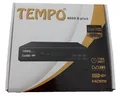 Produktbild: hd-line Tempo 4000 A DVBT2 Receiver Full HD 1080P 4K für TV - HEVC/H.265 HDMI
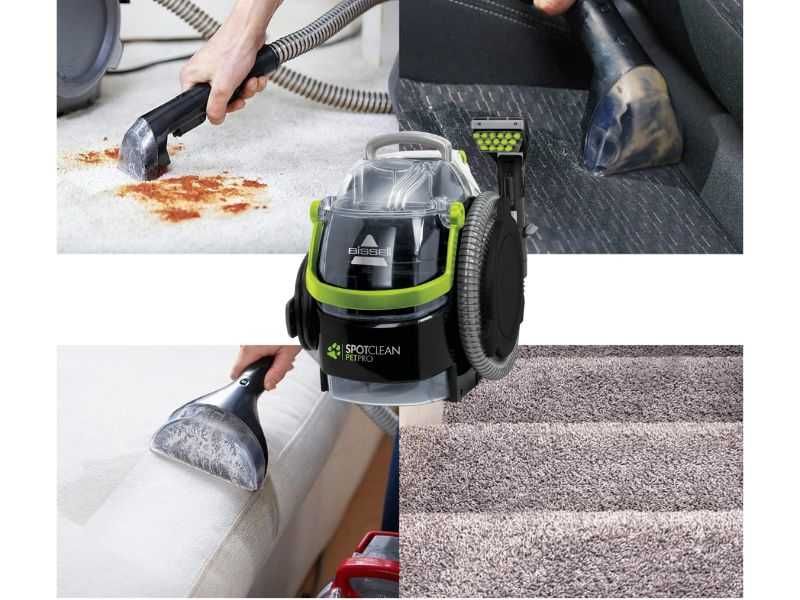 Перяща Прахосмукачка BISSELL SpotClean Pet Pro, 750 W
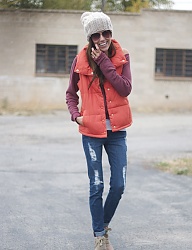 Moda Okrycia Kamizelki - 3065924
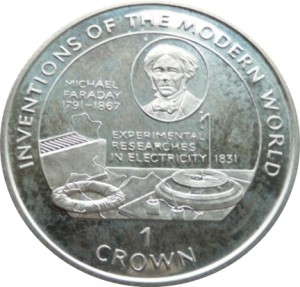 Coin photo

REQUIRED WORK: What you return should match the material line for line, with the images removed.

ANSWER TO THE EXERCISE:
 Produktbild: hd-line Tempo 4000 A DVBT2 Receiver Full HD 1080P 4K für TV - HEVC/H.265 HDMI
 Перяща Прахосмукачка BISSELL SpotClean Pet Pro, 750 W
 Moda Okrycia Kamizelki - 3065924
 Coin photo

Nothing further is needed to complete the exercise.